2.有名野球選手関連本

 

あの有名野球選手について通と呼ばれるためには読まないと。

        

不動心

松井秀喜

プロ入り前は阪神タイガースへの入団を思い描いていたこと。
甲子園で伝説となった5打席連続敬遠への思い。
メジャー移籍を考えた頃。
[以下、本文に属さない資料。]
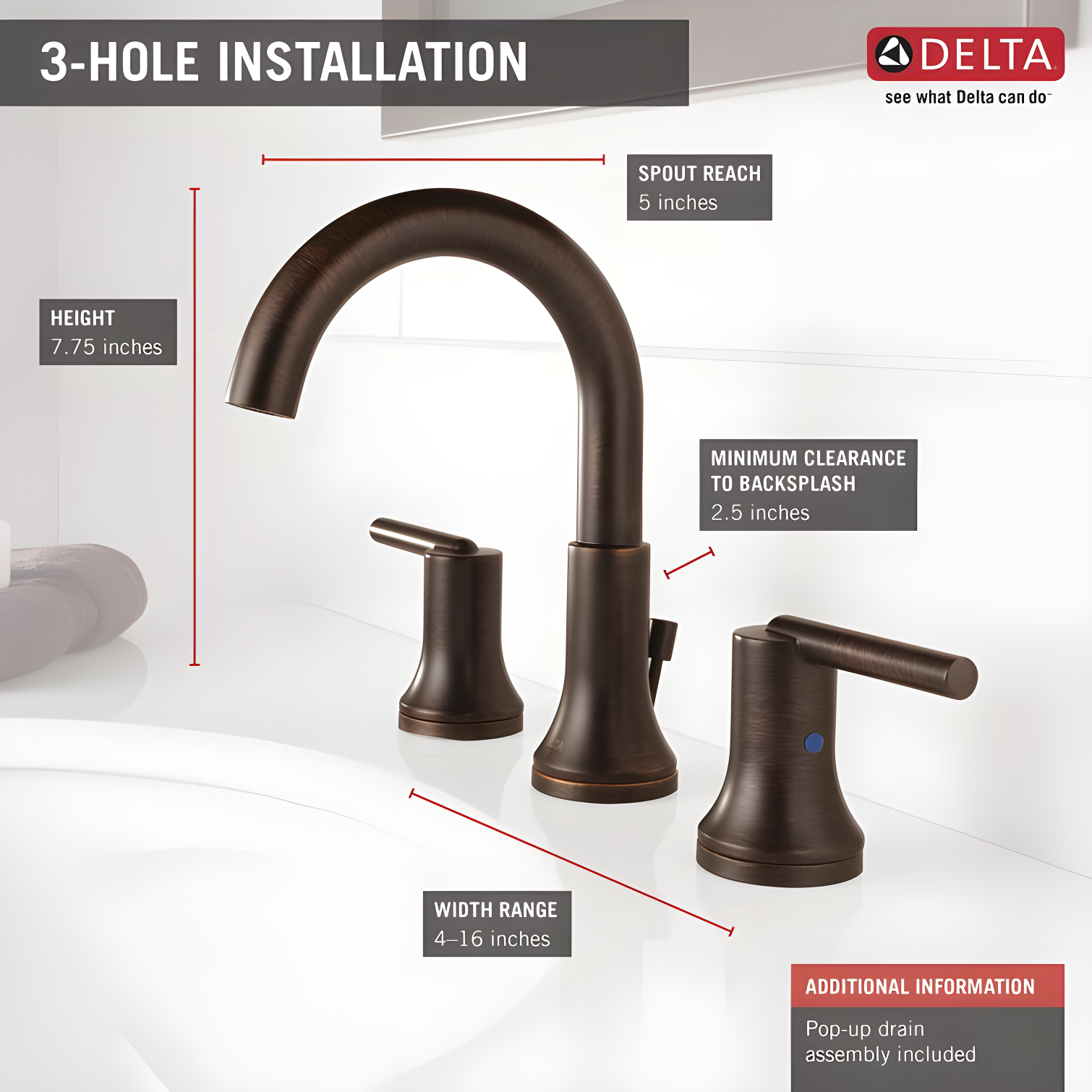Trinsic Widespread Bathroom Faucet 3 Hole, 2-handle Bathroom Sink Faucet with Drain Assembly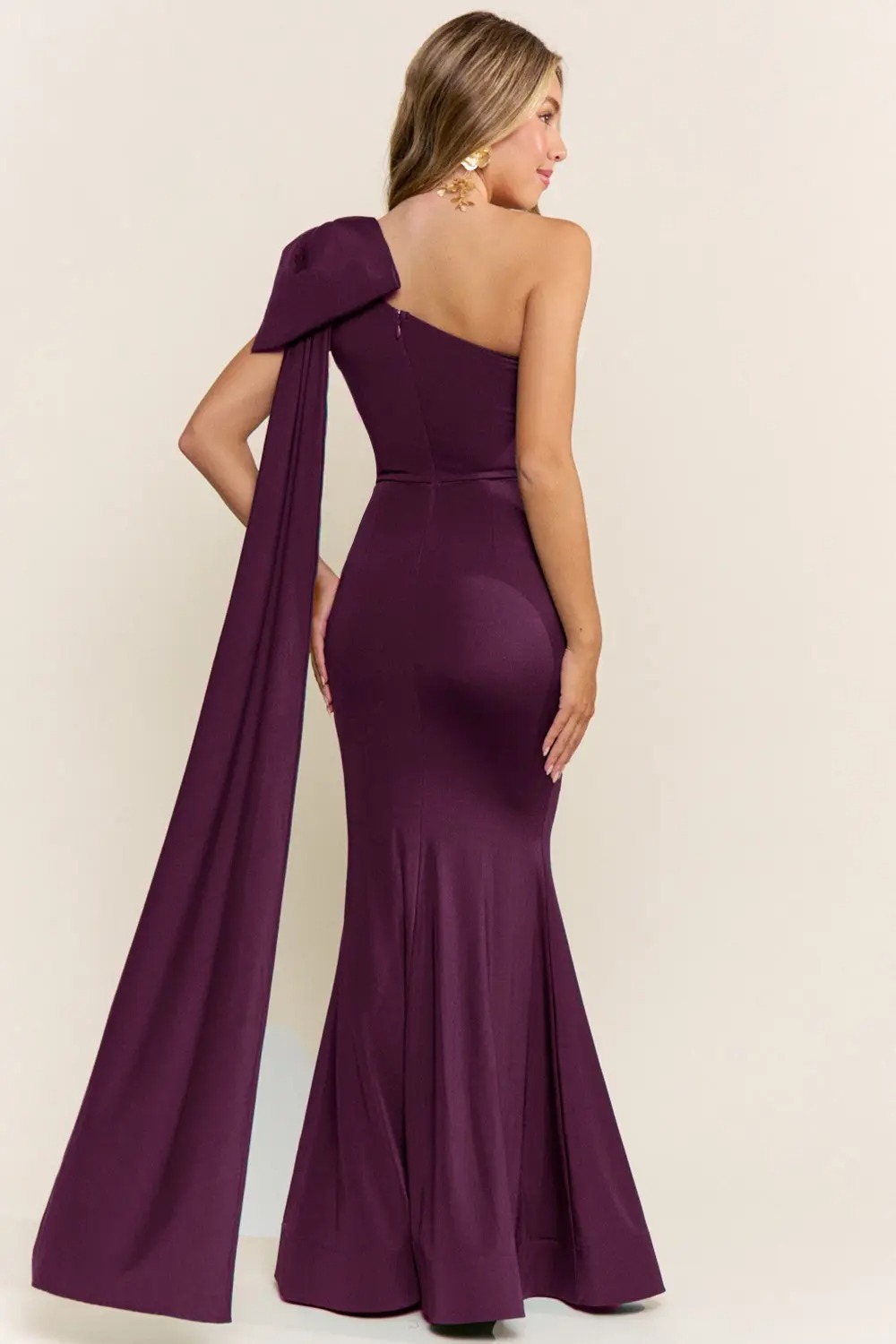 Plum One Should Bow Maxi Dress (Talla M) thumbnail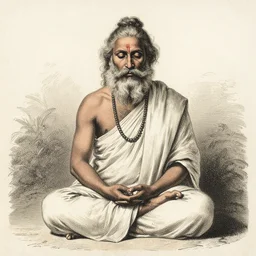 sketch of a cool sadhu with a beard meditating, full - body, etching by louis le breton, 1 8 6 9, 1 2 0 0 dpi scan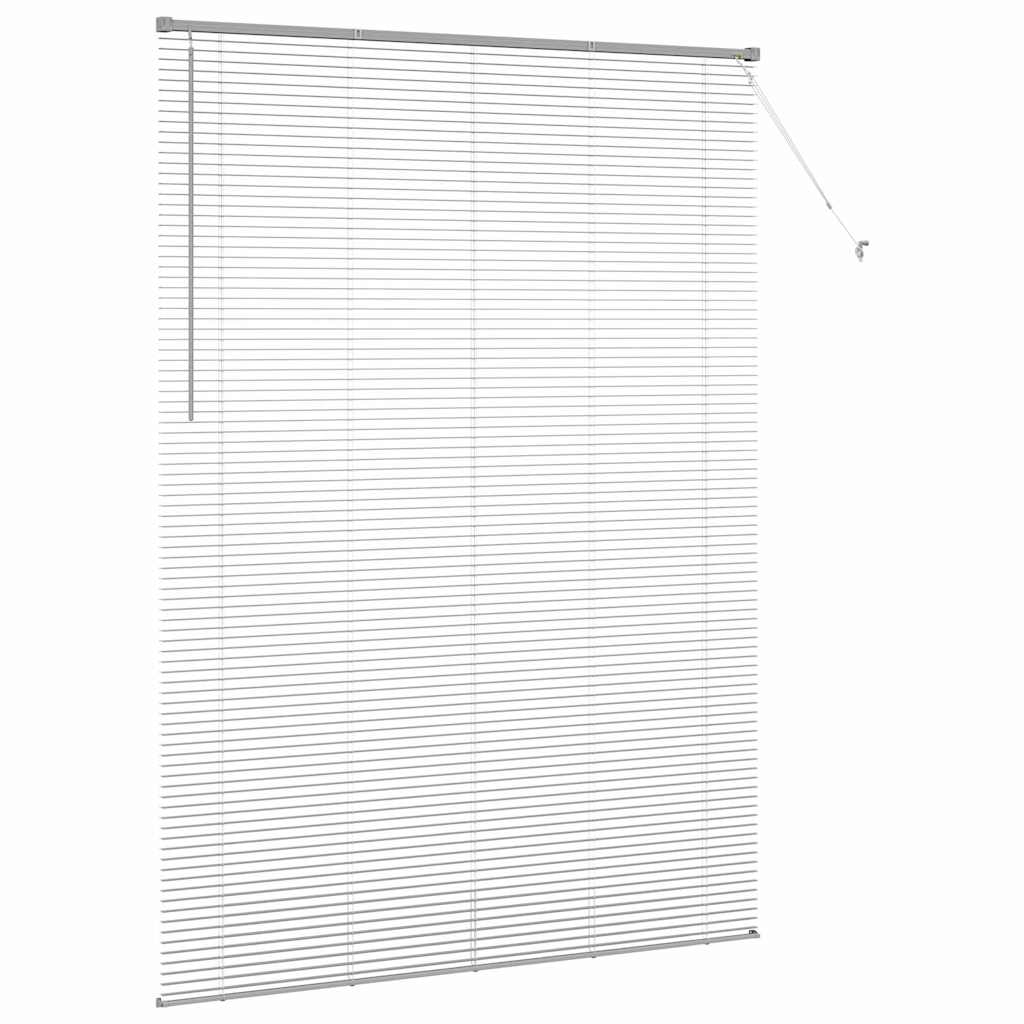 Persiana de Janela com cortinas Manual Prateado Alumínio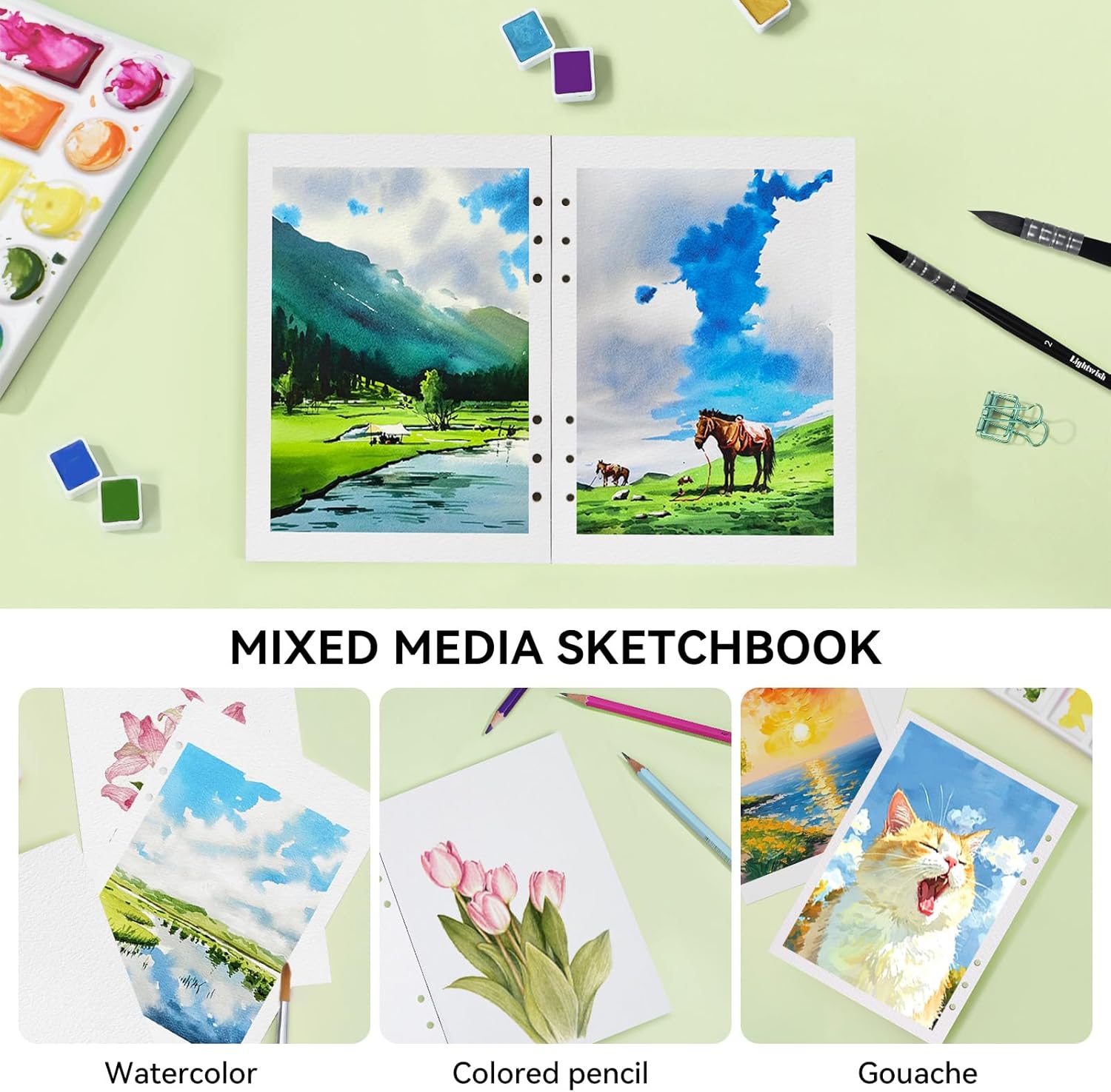 LIGHTWISH Watercolor Paper Bulk, 100% Cotton Cold Press 600gsm, 2 Pack, Total 24 Sheets A5 Hole-Punched Replaceable Paper for Artists, Adults,Students,5.8 * 8.2 Inches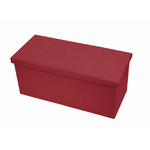 BIANCHERIAWEB Pouf Contenitore Imbottito Pieghevole In Ecopelle Modello Double Colore Bordeaux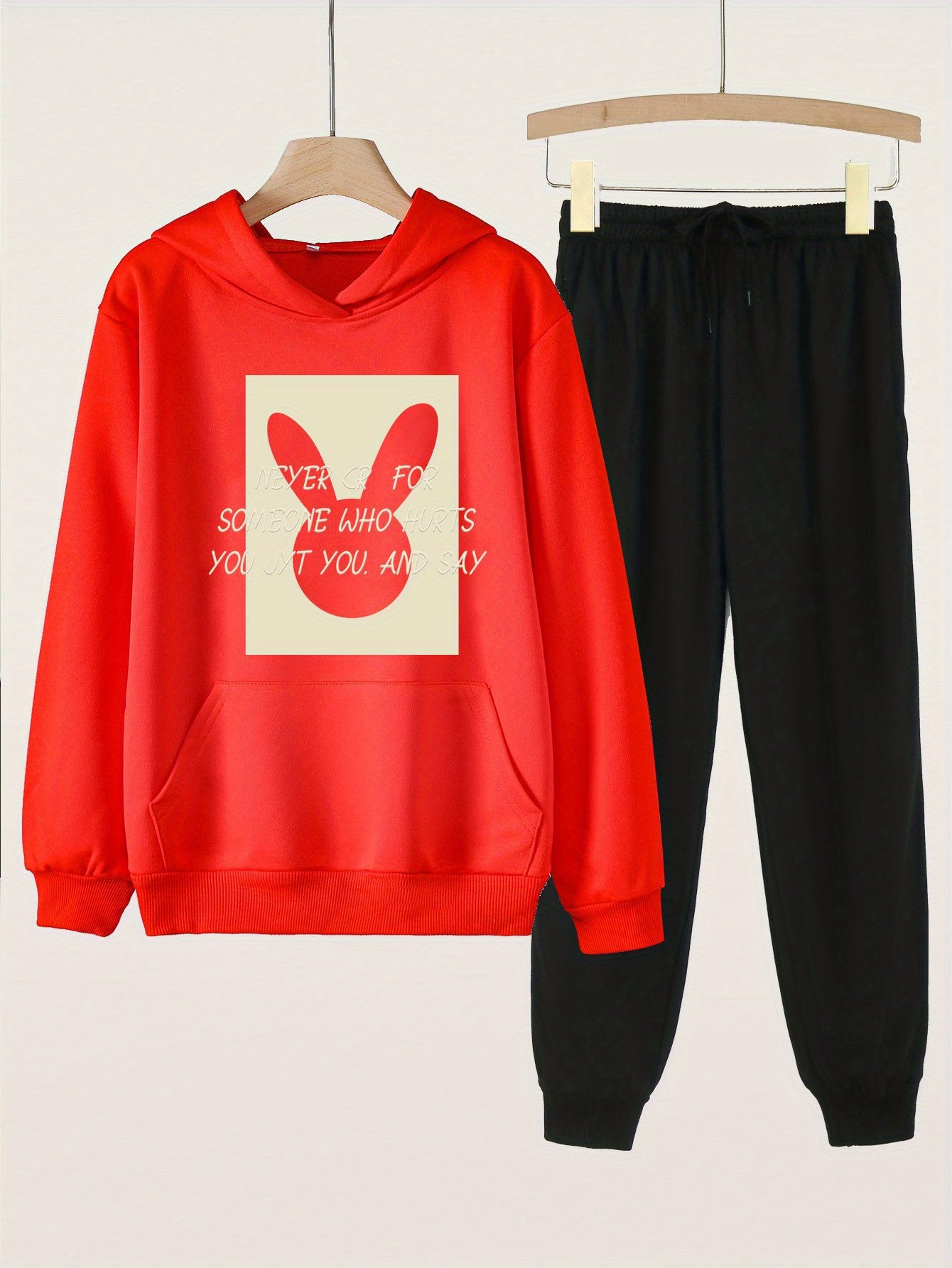 2pcs Bunny Graphic Hoodies & Jogger Pants Set For Girls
などなど、いろんな場面について言及しています。
本書の中で、もっとも松井選手の人柄をあらわせているな、と思うのは「悔しい思いは口に出さない」の項ですね。

 

全力投球-我が選んだ道に悔いはなし

大野豊

大野投手といえば、軟式野球出身、テスト生入団、デビュー時の防御率135.00、42歳で最優秀防御率のタイトル獲得、などトピックに事欠かない選手でしたが、それらについても全て触れられています。
下の名が同じだったあの大投手との縁についての話。
そして、引退を決意するに至った高橋由伸選手からのホームラン被弾なども。
現役時代の大野投手を知っている僕として、その中でも特に興味を持って読んだのが、大野投手にとって唯一、相手投手として意識する、特別な存在だったという巨人の槙原寛己投手について語ったところですね。

 

ジャイアンツ愛 原辰徳の光と闇

赤坂英一

著者は原辰徳という“選手”について「野球の秀才」と言っています。
秀才ではあるけれども、天才(長嶋も王も天才だったのかも知れない・・・)と比べてはいけないんですよね、きっと。
その辺の真面目、優等生ぶりが最もよく表現された箇所はクロマティのジョークの場面。
外人からみた巨人というチーム、そのチームの4番バッターは異様に見えるんでしょうね。

 

ケンカ投法

東尾修

いろんな暴露話的な内容がありますが、最もインパクトのあった内容は東尾投手が勝てるようになった秘訣として挙げていた「スライダーを○○を狙って投げる技術」のこと。
本書のタイトルにもあるように、持ち味であるシュートでの内角攻めの裏で本人が感じていた勝つ秘訣を違うところに感じていたんですね。

 

男道

清原和博

世間でいわれる清原に対するイメージ、“男”=「勝負師」・「強い男」をタイトルに掲げているものの、清原和博という一人の男性は素直で、繊細で真っ直ぐな実直な男というのが内容。
明晰な本書の文体は読みやすいです。
野球人・清原和博についてはいろいろなエピソードが既に公になっており、あまり驚くことがないというのが率直な感想。
それでも、入団を決めるまでの巨人球団との交渉内容、そして退団する際の冷遇、これらは今まで真相が語られていなかったもの。
これを明かすことで、もはや巨人という球団と永遠に手を結ぶことはない、と宣言しているかのような暴露話は読む価値があります。
野球人としてだけでなく、両親とのやりとり、妻・子供とのやりとりに見られる一人の“男の子”、“男性”としての側面にもよく踏み込んでいるな、と思います。

 


野球用具大図鑑 part 2(グラブ編)

ベースボール・マガジン社

プロ野球選手の試合中の着こなしや道具は、アマチュアや草野球のプレーヤーはとても興味を持っています。
なかでもグラブというのは、個々の選手が拘りをもって特注したりする道具の最たるもので、なかなか画像や映像から見ただけでその細部をうかがい知ることはできません。
そんなグラブ好きの要望にキッチリ応えてくれるのがこの本。
現役選手から過去の名選手まで、使用しているグラブについて、メーカーから開発秘話、選手の拘り、グラブの変遷がカラー写真満載で説明があります。
冒頭にはあのミズノの名人や、久保田スラッガーの名人の話も載っていて、読み応えもあります。
今まであまり興味がなかった選手があんなグラブを使っているのか!という発見もありました。
それらを手にした選手の姿を見るのが楽しみになりそうです。
一方で、大人の事情で使用するグラブメーカーも変わっていきますが、その辺もあっさり書いてあったり。
グラブ好きな方にはとてもおススメな一冊。